§ AIM OF THE TASK: Once the line with "日暮下的富士山景色图片" is found in the data, output it and each following line exactly, up to and including the line with "Compresseur de climatisation", and nothing before or after.

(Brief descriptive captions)
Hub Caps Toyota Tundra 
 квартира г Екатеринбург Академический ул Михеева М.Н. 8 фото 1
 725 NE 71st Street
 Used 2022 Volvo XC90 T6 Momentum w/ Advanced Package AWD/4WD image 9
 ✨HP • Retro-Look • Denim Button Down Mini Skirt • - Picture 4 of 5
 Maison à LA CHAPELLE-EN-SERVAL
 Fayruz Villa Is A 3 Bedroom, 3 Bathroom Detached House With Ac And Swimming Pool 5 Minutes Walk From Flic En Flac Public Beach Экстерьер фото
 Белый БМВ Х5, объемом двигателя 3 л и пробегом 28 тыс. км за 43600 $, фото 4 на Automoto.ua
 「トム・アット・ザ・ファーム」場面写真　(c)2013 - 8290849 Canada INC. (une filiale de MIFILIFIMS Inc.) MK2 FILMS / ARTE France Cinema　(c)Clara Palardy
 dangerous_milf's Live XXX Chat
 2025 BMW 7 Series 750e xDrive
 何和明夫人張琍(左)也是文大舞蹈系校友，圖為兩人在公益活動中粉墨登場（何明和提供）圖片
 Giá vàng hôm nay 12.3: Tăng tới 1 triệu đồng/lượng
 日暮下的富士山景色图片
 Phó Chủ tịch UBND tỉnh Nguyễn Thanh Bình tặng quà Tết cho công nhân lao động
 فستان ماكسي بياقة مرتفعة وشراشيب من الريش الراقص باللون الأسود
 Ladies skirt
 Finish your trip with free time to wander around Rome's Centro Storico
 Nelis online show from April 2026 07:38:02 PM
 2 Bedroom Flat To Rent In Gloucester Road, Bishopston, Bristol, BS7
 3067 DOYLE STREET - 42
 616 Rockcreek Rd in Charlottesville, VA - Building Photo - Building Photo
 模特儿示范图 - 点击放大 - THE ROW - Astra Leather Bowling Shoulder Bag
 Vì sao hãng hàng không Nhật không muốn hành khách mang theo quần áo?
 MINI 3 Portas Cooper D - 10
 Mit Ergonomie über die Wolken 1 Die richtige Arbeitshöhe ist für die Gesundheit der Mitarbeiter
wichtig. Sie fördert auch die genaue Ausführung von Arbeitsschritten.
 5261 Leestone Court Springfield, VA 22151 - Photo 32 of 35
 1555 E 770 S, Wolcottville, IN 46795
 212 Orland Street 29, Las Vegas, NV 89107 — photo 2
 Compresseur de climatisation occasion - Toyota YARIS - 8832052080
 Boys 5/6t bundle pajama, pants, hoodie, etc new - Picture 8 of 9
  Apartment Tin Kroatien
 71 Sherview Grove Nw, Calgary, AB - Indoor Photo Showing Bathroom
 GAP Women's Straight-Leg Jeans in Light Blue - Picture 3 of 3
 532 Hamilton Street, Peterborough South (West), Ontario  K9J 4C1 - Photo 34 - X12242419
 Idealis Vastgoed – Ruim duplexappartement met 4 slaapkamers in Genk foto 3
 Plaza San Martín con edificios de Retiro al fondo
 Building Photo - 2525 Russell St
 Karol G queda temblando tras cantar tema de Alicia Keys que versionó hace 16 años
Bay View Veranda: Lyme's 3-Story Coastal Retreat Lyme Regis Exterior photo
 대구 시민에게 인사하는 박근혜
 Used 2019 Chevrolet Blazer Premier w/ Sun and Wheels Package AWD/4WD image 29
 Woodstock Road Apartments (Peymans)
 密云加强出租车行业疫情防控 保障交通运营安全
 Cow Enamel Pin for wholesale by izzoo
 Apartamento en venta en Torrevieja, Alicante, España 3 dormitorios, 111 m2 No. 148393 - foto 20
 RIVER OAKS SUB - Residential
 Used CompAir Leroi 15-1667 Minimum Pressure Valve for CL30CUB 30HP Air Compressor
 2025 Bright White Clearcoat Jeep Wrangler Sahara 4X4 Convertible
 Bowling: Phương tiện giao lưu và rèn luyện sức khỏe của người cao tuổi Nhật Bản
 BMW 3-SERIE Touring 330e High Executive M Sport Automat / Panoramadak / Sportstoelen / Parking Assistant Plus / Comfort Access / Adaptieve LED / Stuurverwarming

§ PROBLEM SOLUTION:
 日暮下的富士山景色图片
 Phó Chủ tịch UBND tỉnh Nguyễn Thanh Bình tặng quà Tết cho công nhân lao động
 فستان ماكسي بياقة مرتفعة وشراشيب من الريش الراقص باللون الأسود
 Ladies skirt
 Finish your trip with free time to wander around Rome's Centro Storico
 Nelis online show from April 2026 07:38:02 PM
 2 Bedroom Flat To Rent In Gloucester Road, Bishopston, Bristol, BS7
 3067 DOYLE STREET - 42
 616 Rockcreek Rd in Charlottesville, VA - Building Photo - Building Photo
 模特儿示范图 - 点击放大 - THE ROW - Astra Leather Bowling Shoulder Bag
 Vì sao hãng hàng không Nhật không muốn hành khách mang theo quần áo?
 MINI 3 Portas Cooper D - 10
 Mit Ergonomie über die Wolken 1 Die richtige Arbeitshöhe ist für die Gesundheit der Mitarbeiter
wichtig. Sie fördert auch die genaue Ausführung von Arbeitsschritten.
 5261 Leestone Court Springfield, VA 22151 - Photo 32 of 35
 1555 E 770 S, Wolcottville, IN 46795
 212 Orland Street 29, Las Vegas, NV 89107 — photo 2
 Compresseur de climatisation occasion - Toyota YARIS - 8832052080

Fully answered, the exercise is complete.